Economy, Business And Markets

Lending Rates Should Be Cut

Lending Rates Should Be Cut  Lending Rates Should Be Cut

As the Central Bank of Iran is preparing to submit a report to the Money and Credit Council on another interest cut, a finance expert has called on the two monetary authorities to shift their focus on lowering lending rates instead of deposit rates.

“Since productivity and cost of money vary in and among banks, productive banks could offer higher interests to depositors and minimize the gap between the lending and deposit rate. That is why the CBI and MCC should shift their attention toward lending rates instead of deposit rates,” Bahaodin Hosseini Hashemi told Fars News Agency. He added that “a deposit rate cut will only serve the interest of lenders and the real economy will never benefit from such measure.”

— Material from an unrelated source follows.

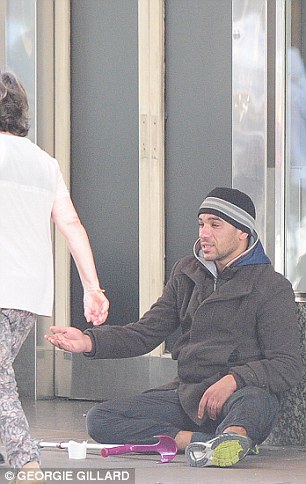 夫妻坐飞机乞讨2天挣8000 对着记者镜头摆POSE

He said consensus among lenders to cut rates is unlikely as they struggle with structural problems. “If lenders agree to lower deposit rates to 18%, state-owned banks would have to comply and private lenders will (then) attract more deposits by offering higher rates.”

He went on to say “If the deposit rate is finally reduced to 18%, the inter-bank interest rate should be at maximum 20%+1% as common practice in other parts of the world where the inter-bank interest rate is an average of deposit rates plus one percentage point.”

He warned that inconsistent deposit and inter-bank interest rates will encourage the banks to attract deposits with 18% and then offer it in inter-bank market at 24%.

Approved deposit rates, in his opinion, are applied only to micro deposits that account for 90% of the total deposits in banks while “large deposits are offered far higher rates using various tricks.”

He noted that high lending rates are rooted in strong demand for loans and said “The banking system operates based on cash credits and that exerts pressure on their resources. In most parts of the world banks earn 50% of their income through service fees. In Iran, the figure is a paltry 10%.”